Pictures are to be excluded. Please print only the lines from the one containing "Brazaletes Kundan de" through the end of the data, exactly as they appear.

• **Data records**:
• • • • • • •

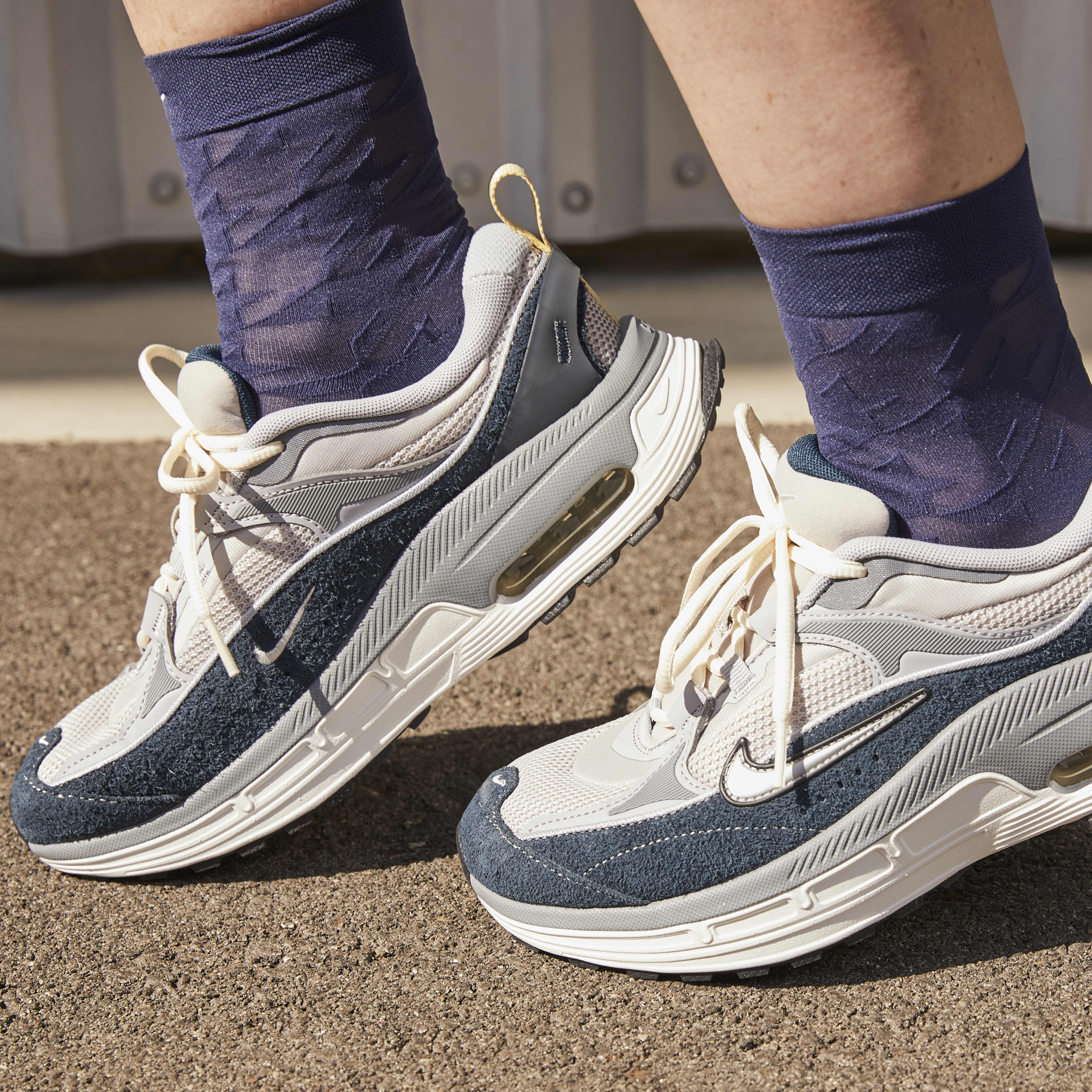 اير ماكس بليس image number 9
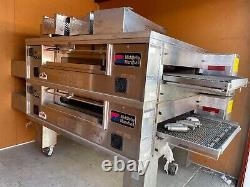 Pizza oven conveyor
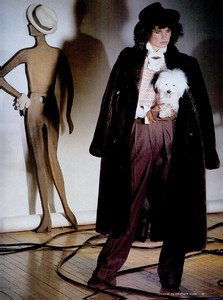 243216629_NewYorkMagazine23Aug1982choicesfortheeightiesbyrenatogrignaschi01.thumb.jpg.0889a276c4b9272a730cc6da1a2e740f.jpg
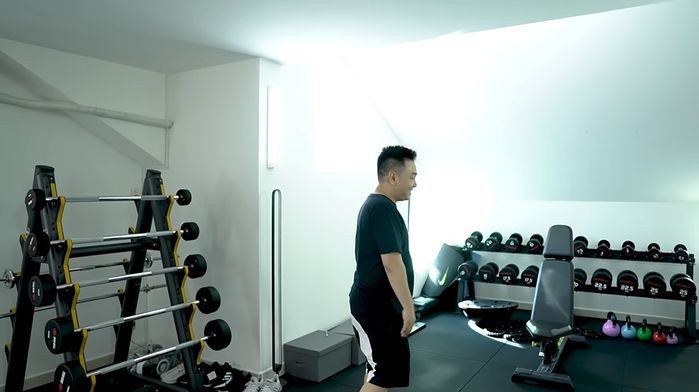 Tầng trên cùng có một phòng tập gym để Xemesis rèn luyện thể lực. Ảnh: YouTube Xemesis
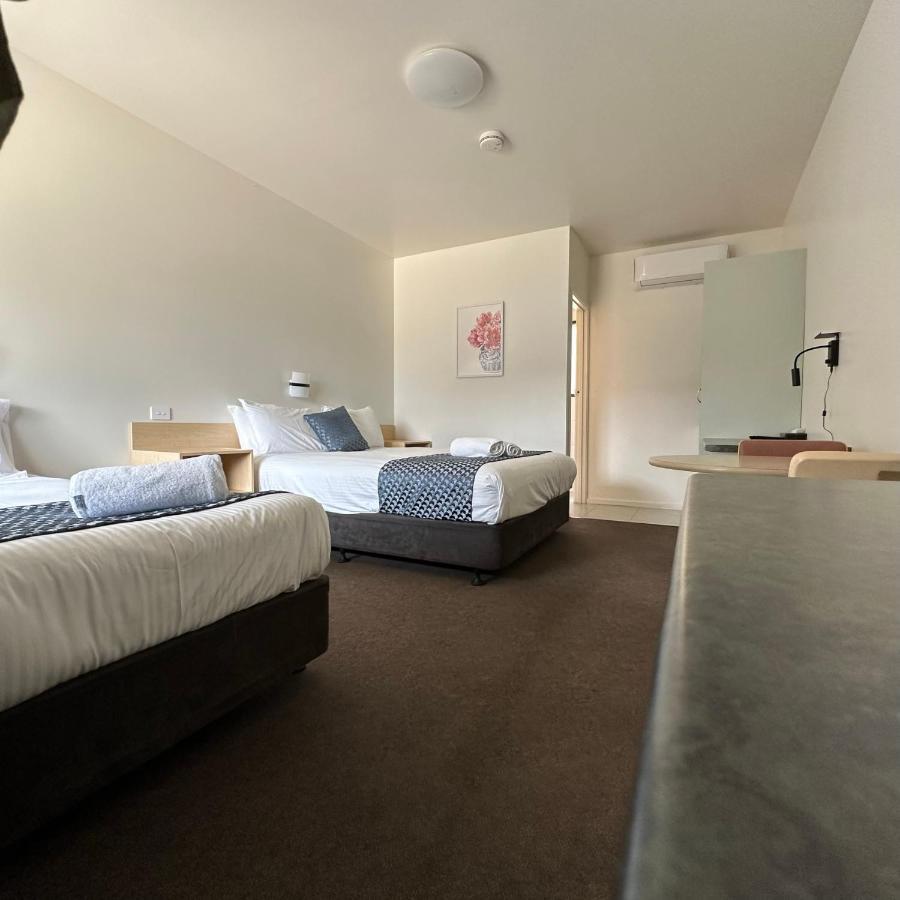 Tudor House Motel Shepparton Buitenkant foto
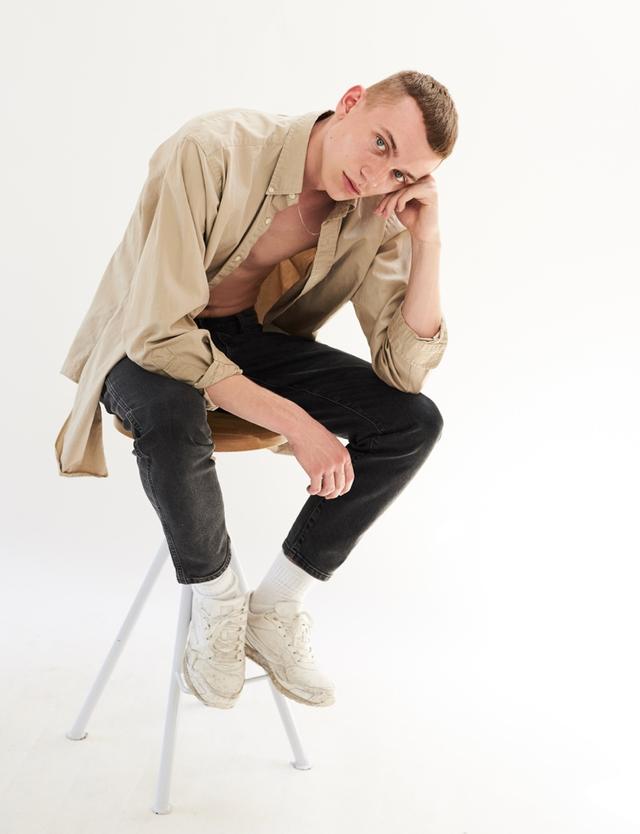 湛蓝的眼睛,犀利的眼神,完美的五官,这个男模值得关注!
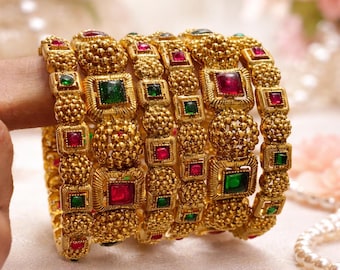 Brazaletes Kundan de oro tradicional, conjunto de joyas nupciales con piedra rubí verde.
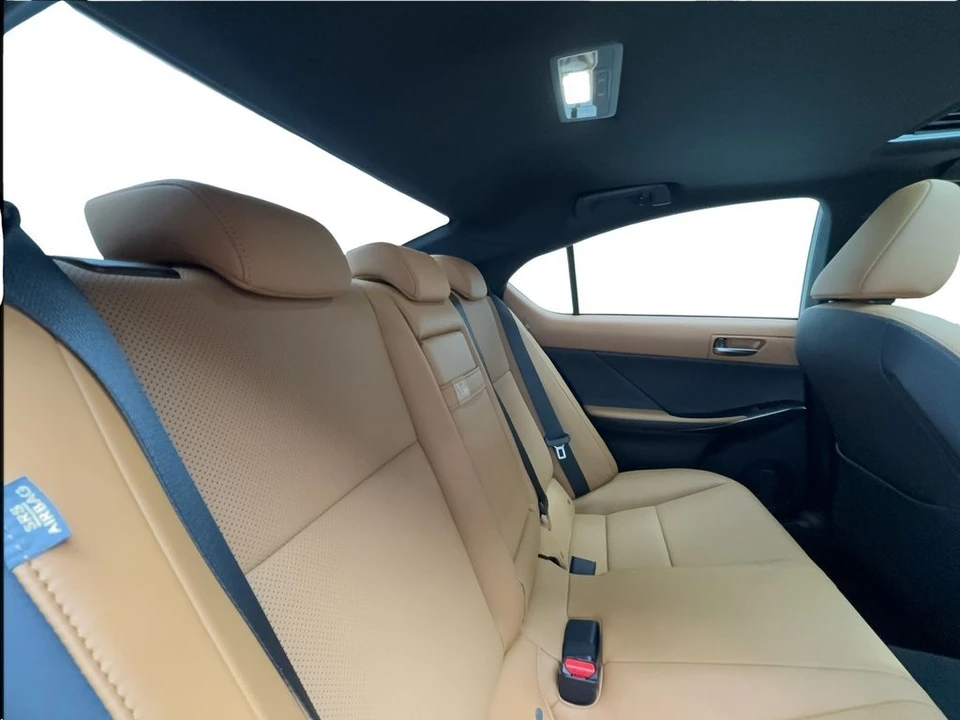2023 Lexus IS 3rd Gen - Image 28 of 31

• • • • • • •

• **Exercise answer**:
 Brazaletes Kundan de oro tradicional, conjunto de joyas nupciales con piedra rubí verde.
2023 Lexus IS 3rd Gen - Image 28 of 31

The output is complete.